Get to the point! How many times have you been listening to someone relating an incident and your ears are nearly bursting at all the trivial detail?
The story progresses at a snail’s pace and you’re being treated to every little bit of who said what, word for word. “He said yes so I said no then he said yes really and I said no kidding…” Agh! Enough said! Then there’s all the background information that goes back almost as far as prehistoric times. I’m almost expecting a woolly mammoth to walk into the scene, though I wouldn’t mind that so much because it might provide a welcome bit of interest at least. And to top it off, there are volumes of opinion, often ill-informed, on every little development in the story.
Sometimes I get so tuned-out that I find myself nodding and mmming in all the wrong places until the other person ends up saying “Are you listening to me?” Usually I reassure them I am listening (manners, thanks Mum) but I wish I had the honesty to say “Nope! I just can’t hang in there. However your story ends, I’m past caring.”
It’s the same with a lot of books and short stories, I find. It’s often why I abandon a book after a few chapters, even if it comes highly recommended by a well-respected reviewer or made it to the Man Booker shortlist. Some of those reviewers and Booker judges must have an assurance of a really long life with not a lot of work on their plate, I reckon. As for me, life’s too short and way too busy to persist with heaps of unnecessary details.
I was grateful to the friend who recommended I read Yann Martel’s Life of Pi. Even more than that, I was grateful to him for telling me to persist past the first six chapters because, however much I wanted to give up, it would be worth it. He was right, it was one if the best stories I’ve ever read. Though I know quite a few readers who gave up on the book before the story really took off. So I don’t understand why those first six chapters couldn’t have been edited down to one really good chapter with just the essentials to kick-start the story. Perhaps the publishers were worried no one would buy such a slim book. But I would have. And I would’ve appreciated being spared all those unnecessary details.
Someone – don’t ask me who, I’m not good with details like that – anyway, someone said that reading a story with too many unimportant details is like receiving a letter that has been beautifully written but a small child has scribbled all over it. The meaning is in there somewhere but it’s all too much work to get to it.
Details can get in the way of a story, they can hinder it’s forward movement. And goodness knows we all like to feel we’re getting somewhere rather than just jogging on the spot. By details, I mean anything from a single word to a phrase to a whole scene. It can be description, backstory, context, action or dialogue.

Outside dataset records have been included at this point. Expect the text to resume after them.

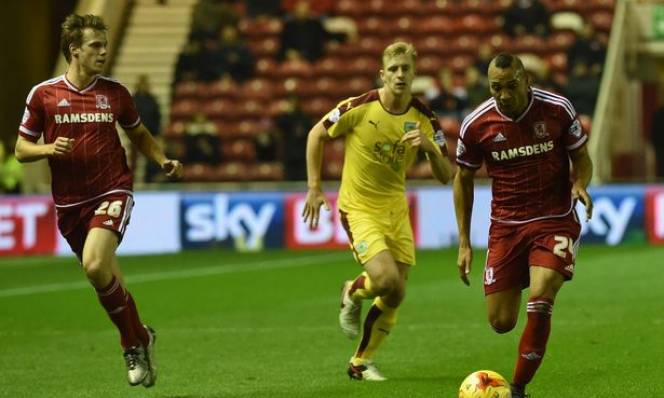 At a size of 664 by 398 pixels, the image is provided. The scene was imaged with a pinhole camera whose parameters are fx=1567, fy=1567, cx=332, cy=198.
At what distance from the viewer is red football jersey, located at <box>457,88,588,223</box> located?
29.0 feet

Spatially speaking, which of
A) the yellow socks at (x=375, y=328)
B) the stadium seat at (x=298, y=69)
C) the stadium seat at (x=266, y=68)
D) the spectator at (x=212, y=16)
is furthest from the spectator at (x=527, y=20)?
the yellow socks at (x=375, y=328)

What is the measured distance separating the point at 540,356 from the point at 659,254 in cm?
1247

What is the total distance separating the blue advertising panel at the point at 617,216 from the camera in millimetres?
22609

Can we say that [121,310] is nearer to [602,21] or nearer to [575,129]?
[575,129]

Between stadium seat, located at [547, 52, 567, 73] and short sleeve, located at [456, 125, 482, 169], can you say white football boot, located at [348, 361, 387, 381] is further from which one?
stadium seat, located at [547, 52, 567, 73]

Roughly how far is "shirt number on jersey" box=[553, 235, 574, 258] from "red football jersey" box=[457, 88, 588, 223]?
18 centimetres

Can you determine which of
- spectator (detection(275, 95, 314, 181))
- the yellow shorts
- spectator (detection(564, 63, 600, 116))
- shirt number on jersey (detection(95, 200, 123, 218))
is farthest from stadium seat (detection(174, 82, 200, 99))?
shirt number on jersey (detection(95, 200, 123, 218))

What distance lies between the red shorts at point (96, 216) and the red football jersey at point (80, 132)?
4cm

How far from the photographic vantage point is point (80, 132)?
9.60m

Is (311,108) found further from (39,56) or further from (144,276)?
(144,276)

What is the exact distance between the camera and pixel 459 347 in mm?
12078

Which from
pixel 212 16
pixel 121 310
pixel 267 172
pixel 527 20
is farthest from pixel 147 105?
pixel 121 310

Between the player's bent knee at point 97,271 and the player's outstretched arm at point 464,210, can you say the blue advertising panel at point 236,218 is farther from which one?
the player's outstretched arm at point 464,210

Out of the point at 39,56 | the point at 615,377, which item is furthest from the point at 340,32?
the point at 615,377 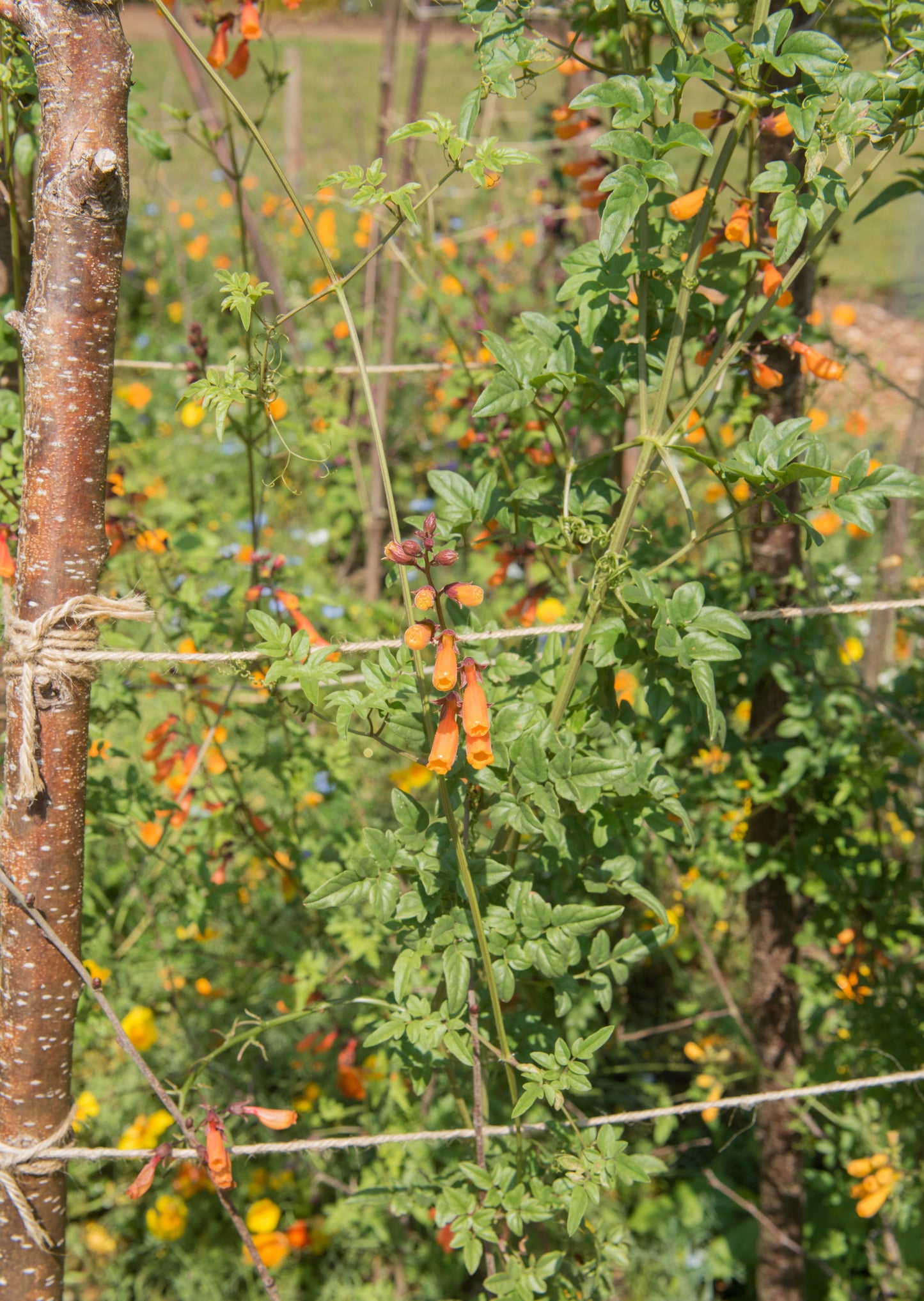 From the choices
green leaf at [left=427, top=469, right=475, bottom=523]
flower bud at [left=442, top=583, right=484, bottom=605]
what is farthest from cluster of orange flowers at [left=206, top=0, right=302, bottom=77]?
flower bud at [left=442, top=583, right=484, bottom=605]

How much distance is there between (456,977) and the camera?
125cm

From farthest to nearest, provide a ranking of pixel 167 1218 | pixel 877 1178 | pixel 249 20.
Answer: pixel 167 1218 → pixel 877 1178 → pixel 249 20

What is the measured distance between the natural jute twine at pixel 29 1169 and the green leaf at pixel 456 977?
2.04 feet

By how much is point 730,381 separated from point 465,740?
64.9 inches

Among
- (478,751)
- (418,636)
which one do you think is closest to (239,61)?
(418,636)

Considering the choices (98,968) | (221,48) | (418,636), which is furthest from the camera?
(98,968)

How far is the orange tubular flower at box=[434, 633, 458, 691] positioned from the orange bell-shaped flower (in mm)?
19

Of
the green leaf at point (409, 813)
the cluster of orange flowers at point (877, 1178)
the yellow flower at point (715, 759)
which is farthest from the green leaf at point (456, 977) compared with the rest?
the cluster of orange flowers at point (877, 1178)

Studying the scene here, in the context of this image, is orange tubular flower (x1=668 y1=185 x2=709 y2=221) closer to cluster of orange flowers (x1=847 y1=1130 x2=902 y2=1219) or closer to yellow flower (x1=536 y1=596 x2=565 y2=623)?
yellow flower (x1=536 y1=596 x2=565 y2=623)

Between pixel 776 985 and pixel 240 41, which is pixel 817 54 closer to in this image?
pixel 240 41

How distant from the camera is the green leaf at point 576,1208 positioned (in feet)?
3.96

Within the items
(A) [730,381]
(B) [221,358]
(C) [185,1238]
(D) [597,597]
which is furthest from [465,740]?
(B) [221,358]

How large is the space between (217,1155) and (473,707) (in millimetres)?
783

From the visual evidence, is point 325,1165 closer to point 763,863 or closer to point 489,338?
point 763,863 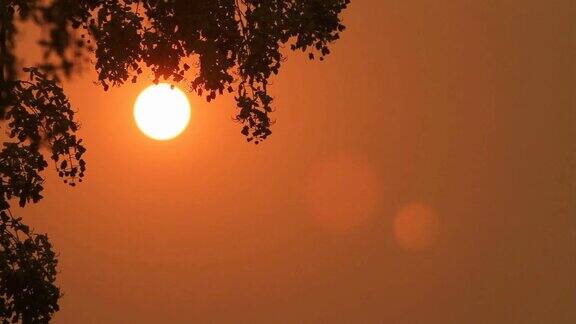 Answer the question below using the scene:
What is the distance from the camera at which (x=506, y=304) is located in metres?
159

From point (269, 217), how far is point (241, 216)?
4916 mm

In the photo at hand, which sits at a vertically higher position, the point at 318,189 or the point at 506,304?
the point at 318,189

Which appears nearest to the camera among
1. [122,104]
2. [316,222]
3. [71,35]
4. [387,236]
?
[71,35]

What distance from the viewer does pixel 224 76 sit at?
13.9 metres

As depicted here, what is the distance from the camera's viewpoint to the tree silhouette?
513 inches

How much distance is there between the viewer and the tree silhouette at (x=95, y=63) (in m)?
13.0

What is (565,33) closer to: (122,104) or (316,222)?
(316,222)

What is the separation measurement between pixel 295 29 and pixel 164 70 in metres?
1.80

When I’m writing, I have to remind myself constantly that not everything in my head needs to make it onto the page. I ask myself two questions to keep the details to a minimum. First, I ask myself whether the reader really needs to know this particular detail. If not, I cross it out. Then I ask myself if the story would still stand on it’s feet if I omitted this detail. If the story is not about to suffer then I cross it out. I probably don’t cross out as much as I should but those two questions really help keep a lot of unnecessary details out of my stories. I’m pretty sure the stories are better for it and, I hope, better for the reader.